"Rycerstwo straciło w Zawiszy najzręczniejszego i najobrotniejszego towarzysza i wodza. Jak to zresztą całemu światu wiadomo, najdzielniejszym był rycerzem, najdoświadczeńszym wojownikiem i wielkim dyplomatą. Domagają się jego znakomite czyny, ażeby zmarły ojciec w swych synach ożył i w swoim potomstwie"
Tak Zygmunt Luksemburski w liście do wielkiego księcia litewskiego Witolda pisał po śmierci Zawiszy Czarnego z Garbowa, z wyjątkiem 'dyplomacji' doskonale pasuje do tego bohatera GW.
To nie jest złe zakończenie historii tej postaci, ale na pewno poważne.

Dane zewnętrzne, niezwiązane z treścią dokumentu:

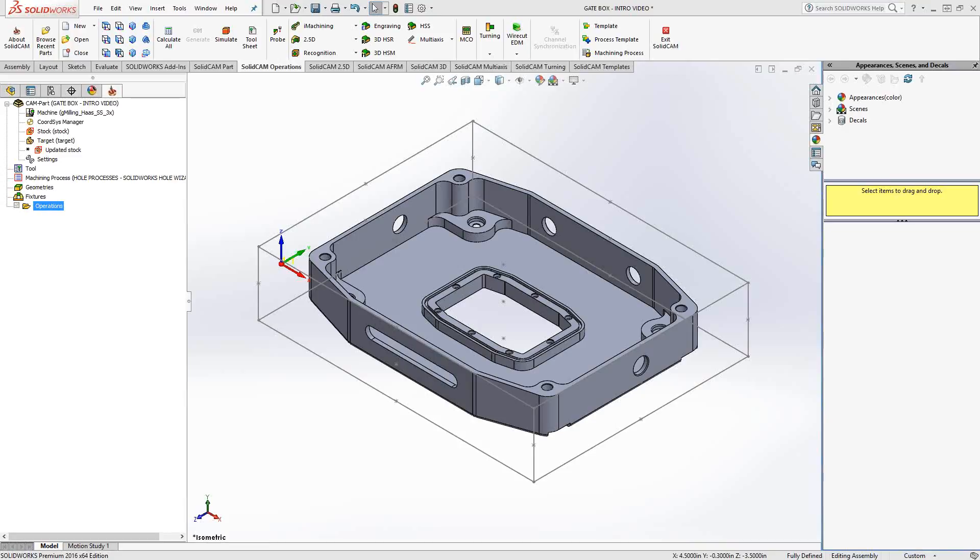Welcome to video 10 in a series of introductory videos for SolidCam. This video's topic is the 3D milling toolpath.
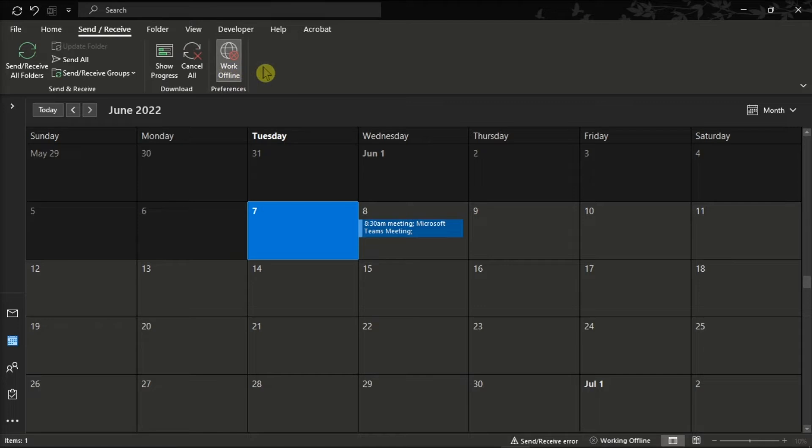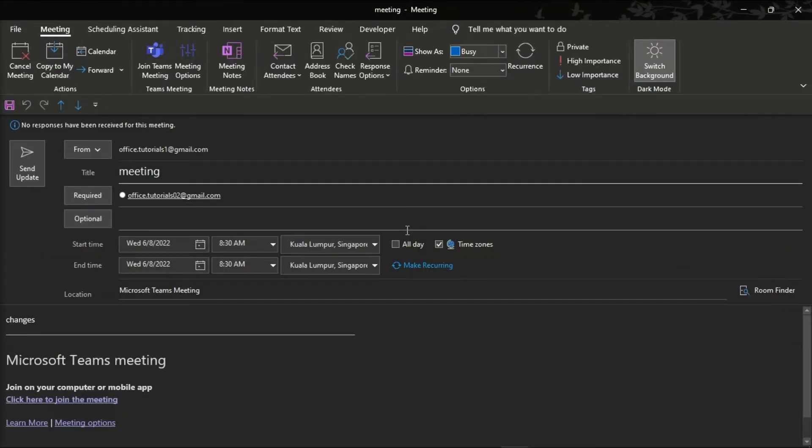Then, head back to the Meeting Update and make your changes.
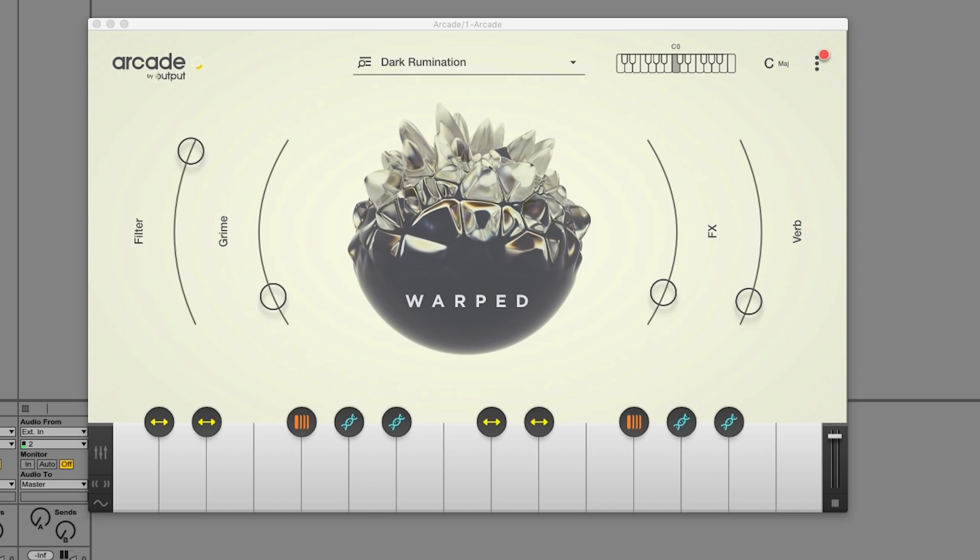Hey everyone, it's Yujin from Output. We're really excited to show you a ton of new features in Arcade 1.1.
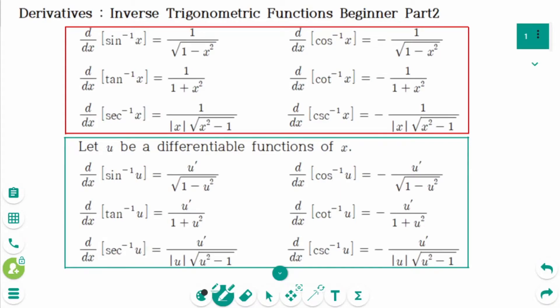This video will cover beginner part 2 questions regarding the topic of derivatives of inverse trigonometric functions. It's much better to remember that only functions starting with 'c' have a negative sign.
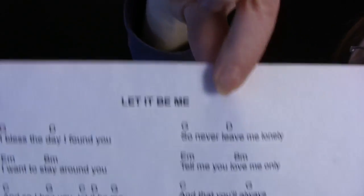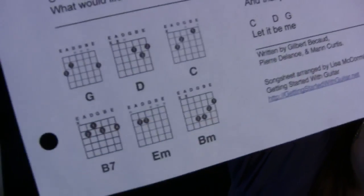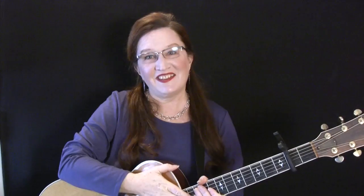And here's what you'll get: all the lyrics and all the chords.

Ta postać z tego rodzaju powagą nie miała dotąd wiele wspólnego, stąd niemały szok dla osób, które nie spodziewały się tej sceny. Jest pewna nieciągłość pomiędzy osobowością szmuglera a dojrzałym ojcem wybaczającym synowi że go zabija. To może jest dobre pożegnanie starego aktora z sagą, ale nie jest takie dla wykreowanego bohatera.
W kolejnym episodzie wątek powinni domknąć umiejętniej.